* [ABOUT THIS EXERCISE] Reproduce the records below exactly, leaving out any pictures.

───── ENTRIES SHOWN

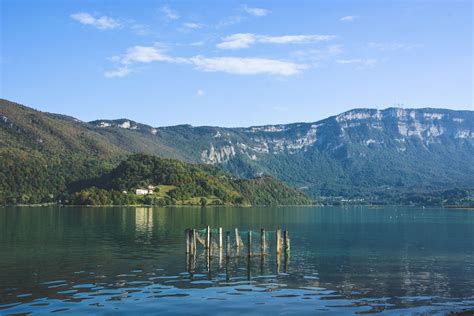 Le Lac Daiguebelette En Savoie Ti Piment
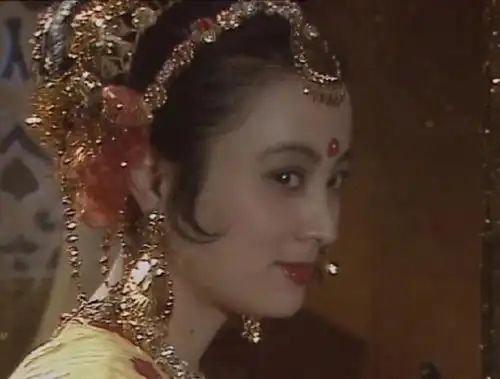 玉兔精(李玲玉饰)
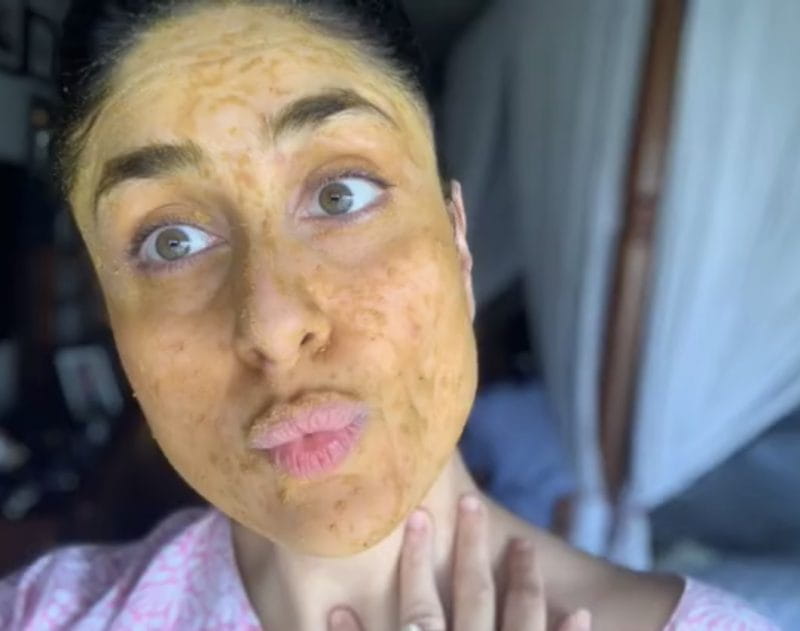 Kareena Kapoor Khan face pack selfie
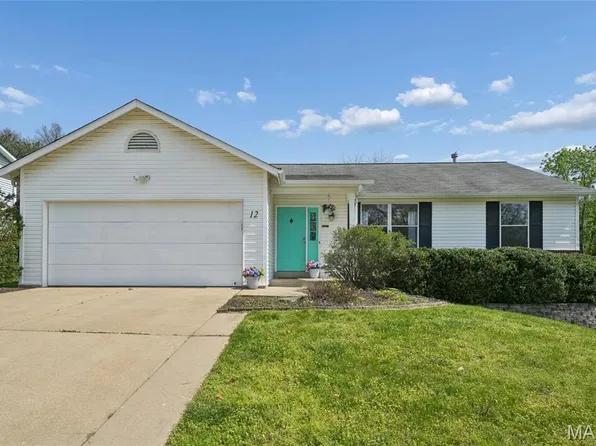12 Brooker Ct, Saint Peters, MO 63376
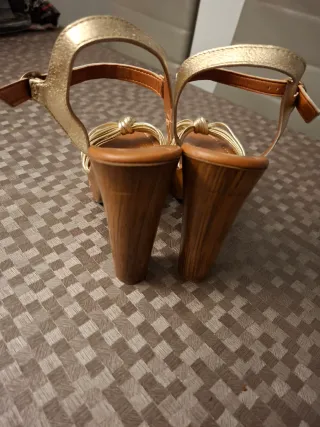 Zapatos tacón plataforma Gloria Ortiz dorados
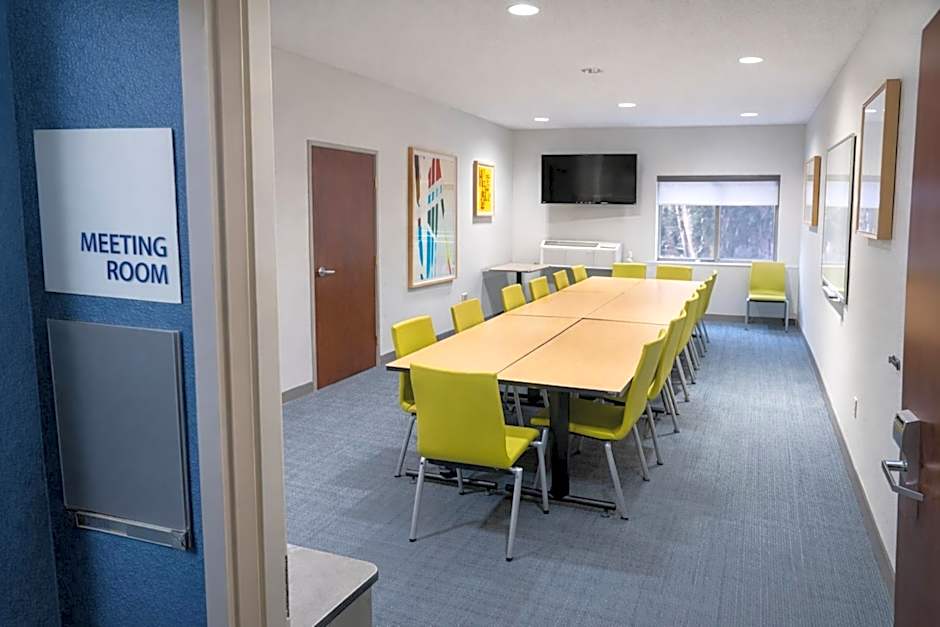 Holiday Inn Express Hotel & Suites St. Paul - Woodbury By IHG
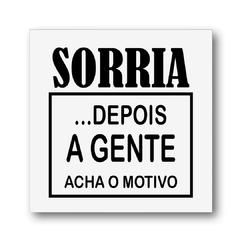 PLACA SORRIA DEPOIS A GENTE ACHA O MOTIVO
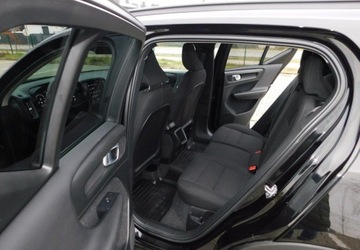 Volvo XC40 Crossover 2.0 D3 150KM 2020 Volvo XC 40 z Gwarancja Bezwypadkowy Model 2021r 2.0 Diesel 150KM, zdjęcie 9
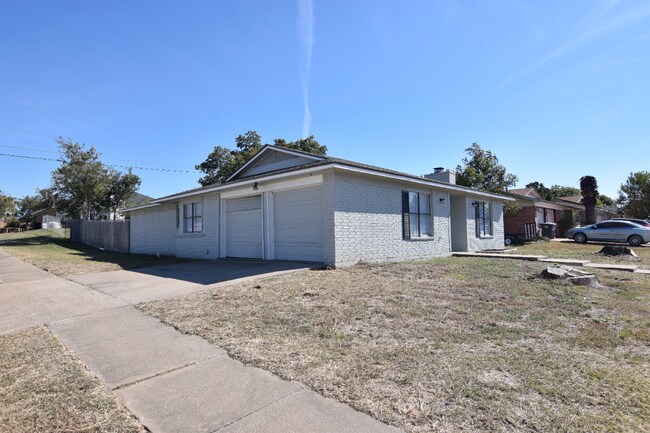 Photo - 118 W Hogan Dr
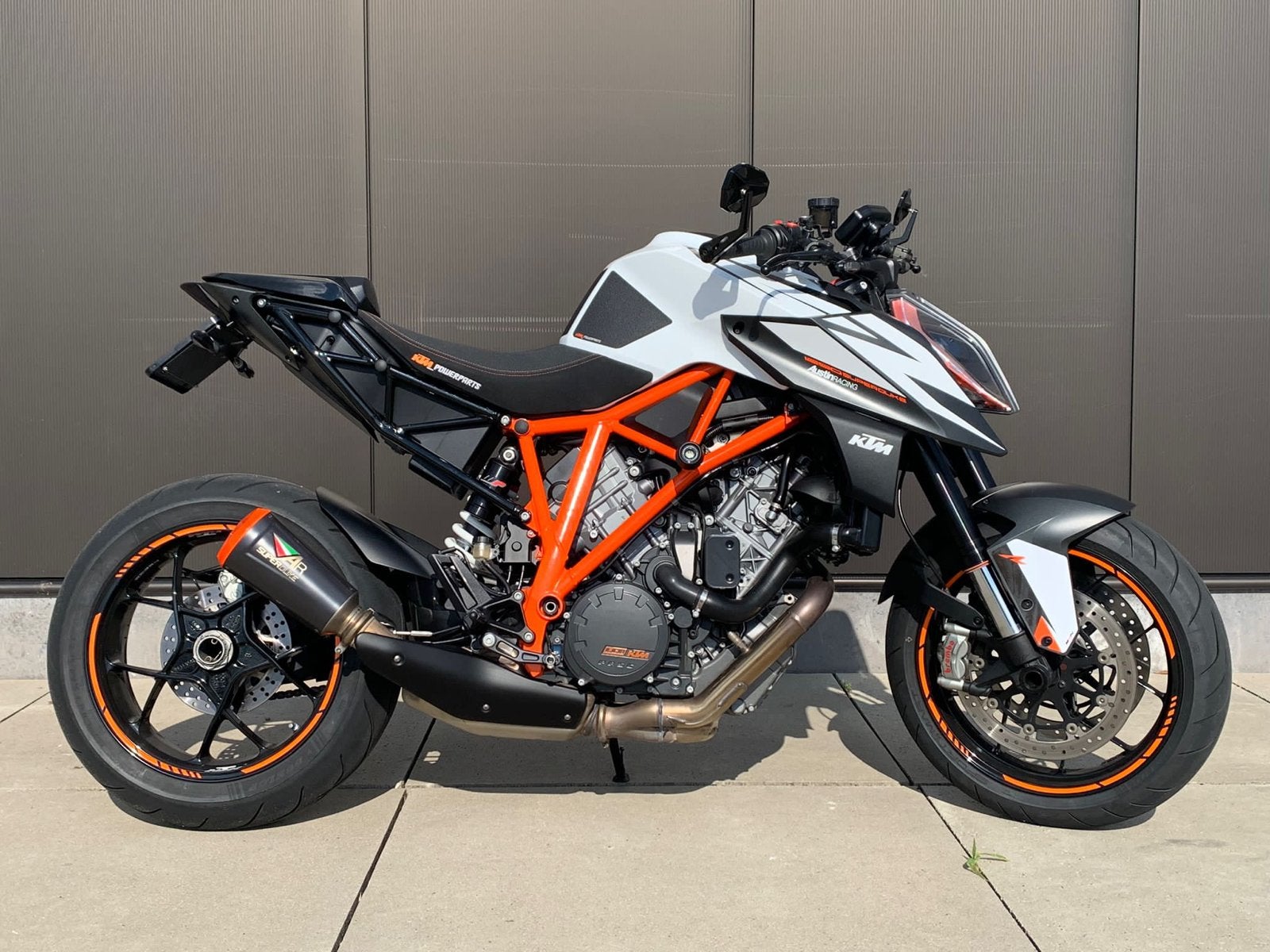 KTM Superduke 1290 R - 2019 - In topconditie., 2 cilinders, Sportuitlaat, Occasion, Motorrijbewijs A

──────────

* [WRITTEN SOLUTION]
 Le Lac Daiguebelette En Savoie Ti Piment
 玉兔精(李玲玉饰)
 Kareena Kapoor Khan face pack selfie
12 Brooker Ct, Saint Peters, MO 63376
 Zapatos tacón plataforma Gloria Ortiz dorados
 Holiday Inn Express Hotel & Suites St. Paul - Woodbury By IHG
 PLACA SORRIA DEPOIS A GENTE ACHA O MOTIVO
 Volvo XC40 Crossover 2.0 D3 150KM 2020 Volvo XC 40 z Gwarancja Bezwypadkowy Model 2021r 2.0 Diesel 150KM, zdjęcie 9
 Photo - 118 W Hogan Dr
 KTM Superduke 1290 R - 2019 - In topconditie., 2 cilinders, Sportuitlaat, Occasion, Motorrijbewijs A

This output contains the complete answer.